>>>

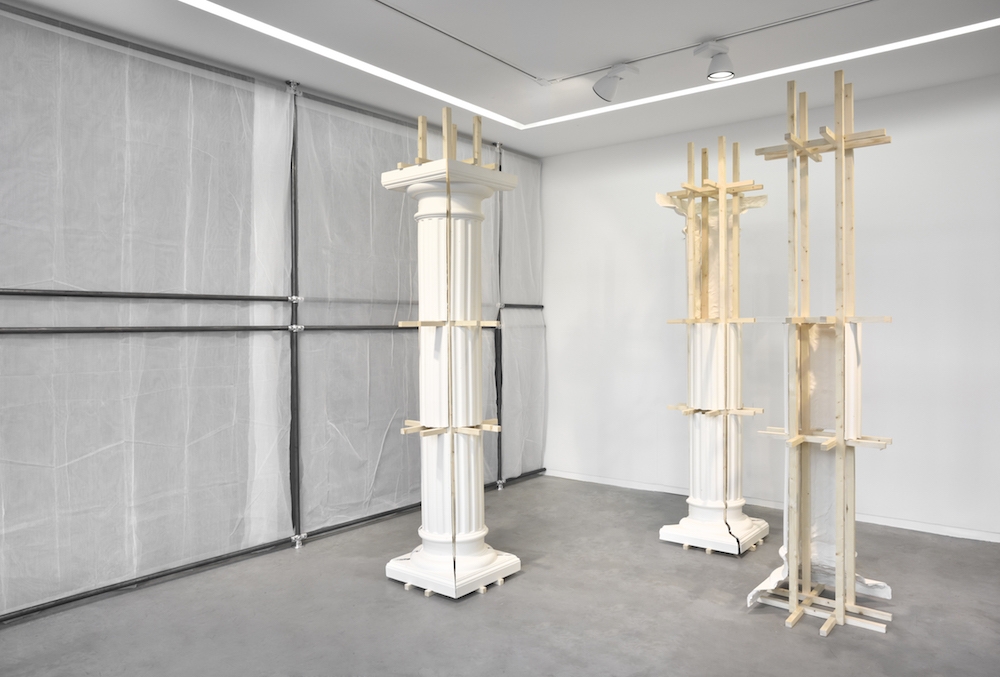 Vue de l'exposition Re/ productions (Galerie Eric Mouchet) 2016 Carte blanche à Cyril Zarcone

<<<
>>>

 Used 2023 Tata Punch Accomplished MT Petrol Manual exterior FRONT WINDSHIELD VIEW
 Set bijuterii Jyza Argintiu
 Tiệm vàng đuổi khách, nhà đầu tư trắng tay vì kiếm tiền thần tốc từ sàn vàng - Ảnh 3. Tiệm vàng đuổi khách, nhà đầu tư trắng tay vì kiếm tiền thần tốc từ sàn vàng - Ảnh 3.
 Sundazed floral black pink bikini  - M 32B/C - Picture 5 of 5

<<<

• _Exercise details_
Look above for the line holding "Ảnh 3. Tiệm". Print it and every line after it, exactly, through the line holding "Sundazed floral black".

• _Your response_
 Tiệm vàng đuổi khách, nhà đầu tư trắng tay vì kiếm tiền thần tốc từ sàn vàng - Ảnh 3. Tiệm vàng đuổi khách, nhà đầu tư trắng tay vì kiếm tiền thần tốc từ sàn vàng - Ảnh 3.
 Sundazed floral black pink bikini  - M 32B/C - Picture 5 of 5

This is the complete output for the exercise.